= Archbishop's Palace, Constanța =

Romanian building

The Archbishop's Palace (Palatul Arhiepiscopiei Tomisului) is a building located at 23 Arhiepiscopiei Street, Constanța, Romania. It is the official residence of the Romanian Orthodox Archbishop of Tomis.

The palace was built upon the initiative of Bishop Ilarie Teodorescu. In 1924, architect Ion D. Enescu drew up the plans, which specified imposing dimensions, two recessed facades with two floors, an orientation parallel to the adjacent cathedral and arched windows of different styles on three levels. The cornerstone was laid in May 1925; among those present were Patriarch Miron Cristea and ministers Constantin Angelescu and Alexandru Lapedatu. The initial cost was 2 million lei, paid by the Religious Affairs and Arts Ministry. Bishop Ilarie died in autumn 1925; his successor Gherontie Nicolau oversaw completion. Construction was beset by various difficulties, prompting one of the chief participants to commit suicide in late 1926.
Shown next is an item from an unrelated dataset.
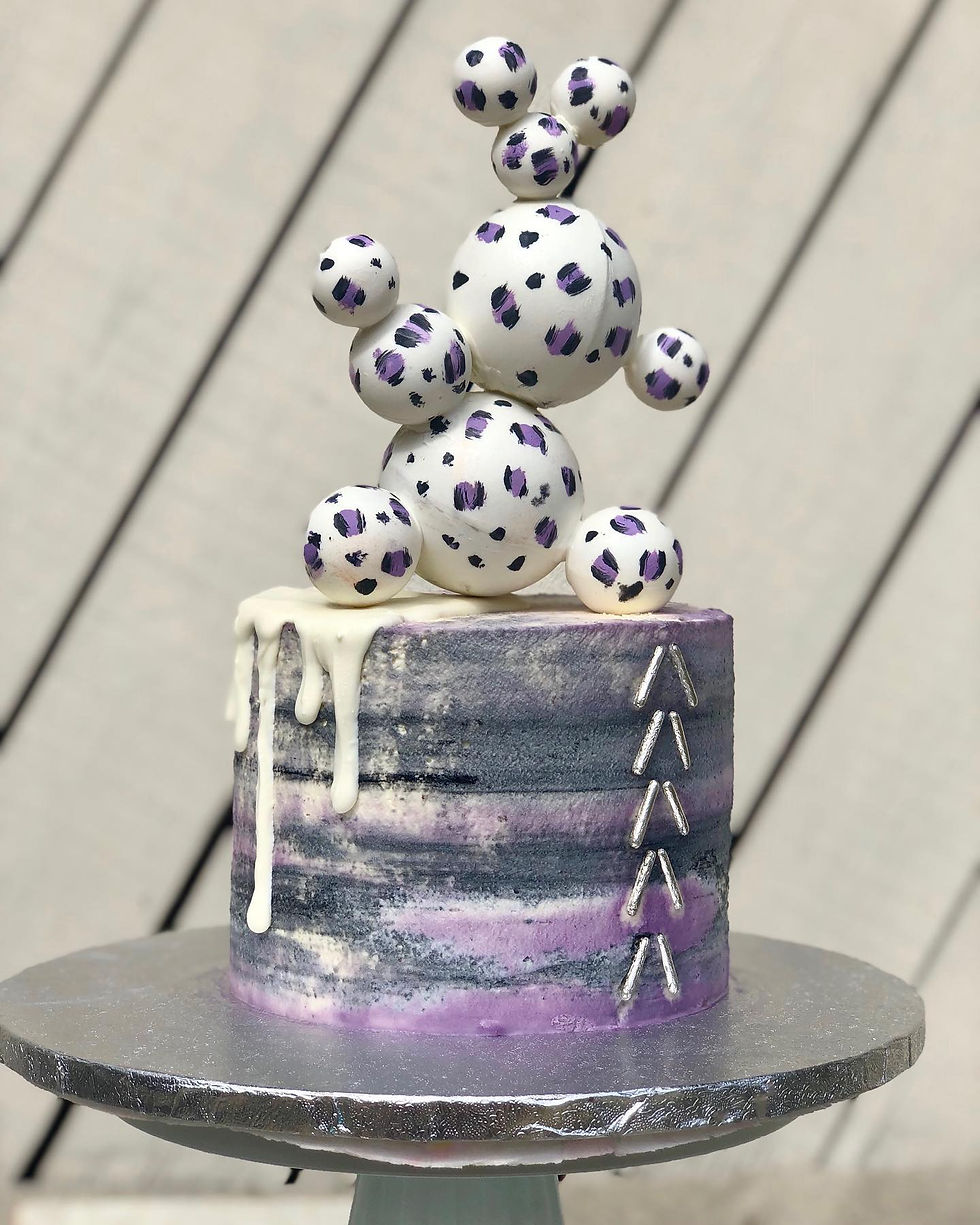 Leopard print cake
The palace was largely complete by mid-1927, but was only finalized and inaugurated in early 1934. Bishop Gherontie opened a wax candle factory in the basement in 1939. The building was damaged by Soviet bombing during World War II and repaired in 1957-1958. Under the communist regime, from 1957 to 1977, it housed the Constanța History and Archaeology Museum. It then hosted the Constanța County Library until 1998, when it was restored to the archdiocese. The top floor of the building was destroyed by fire in 2022.

The palace is listed as a historic monument by Romania's Ministry of Culture and Religious Affairs.